Another learner from Wicklow has just received a test date for August having first applied in February.

She said that she was annoyed about this as the date she had been offered clashed with her holiday plans.

She added that she knew from speaking to others and from waiting lists online that there would be a wait and that tests were difficult to get but she “didn’t expect it to be this long”.

New legislation

This year the Road Safety Authority (RSA) intended to offer at least 67 fixed-term contracts to qualified driving testers to help deal with an expected surge in demand for driving tests.

The RSA has since been recruiting a selection of new driving testers and 100 people have been chosen to go through garda vetting procedures.

The authority expects these new measures to be “up and running in a reasonable small time” following approval.

Legislation to introduce fines of up to €2,000 or six months imprisonment for motorists who allow unaccompanied learner drivers to drive their cars brought with it fears of how this could impact waiting times for tests.

The Trade Union for driving testers Fórsa claimed that without action this risked a short-term doubling of demand for driving tests and increased average waiting times of as much as 55 weeks.

Fórsa told TheJournal.ie that the number of driver testers had fallen by almost 20% since 2007 and average waiting times have risen as a result.

Fórsa reached agreement with the RSA in April around the issue of new driver testers.

Why do drivers fail their test? 

The Spokesperson for the RSA said that ”every case is different” with driving test failures but taking lessons and getting more experience is always a good approach for trying again.

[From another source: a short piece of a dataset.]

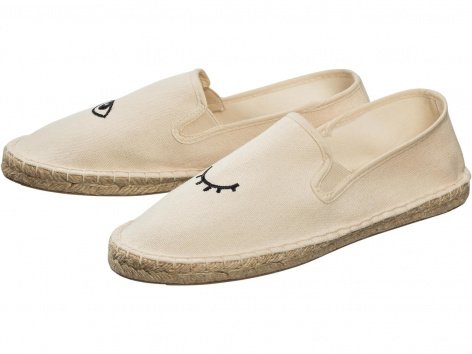 Espadrillas da donna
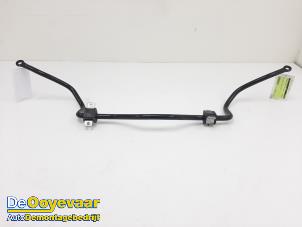 Used Front anti-roll bar Mitsubishi Space Star (A0) 1.2 12V Price € 59,99 Margin scheme offered by Autodemontagebedrijf De Ooyevaar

The most common reasons why people fail driving tests according to the RSA are issues with observation at junctions, roundabouts, problems with anticipation of other drivers’ actions, speed, incorrect road positioning as well as poor use of mirrors and signals.

Inappropriate use of vehicle controls such as gears or brakes or lack of compliance with traffic controls such as signs or traffic lights can also be a factor in those that come back with a fail.

The RSA advise that it can usually facilitate an urgent test if someone can be available at short notice, with cancellation slots sometimes becoming available.

Availability for this case should be included in any driving test application.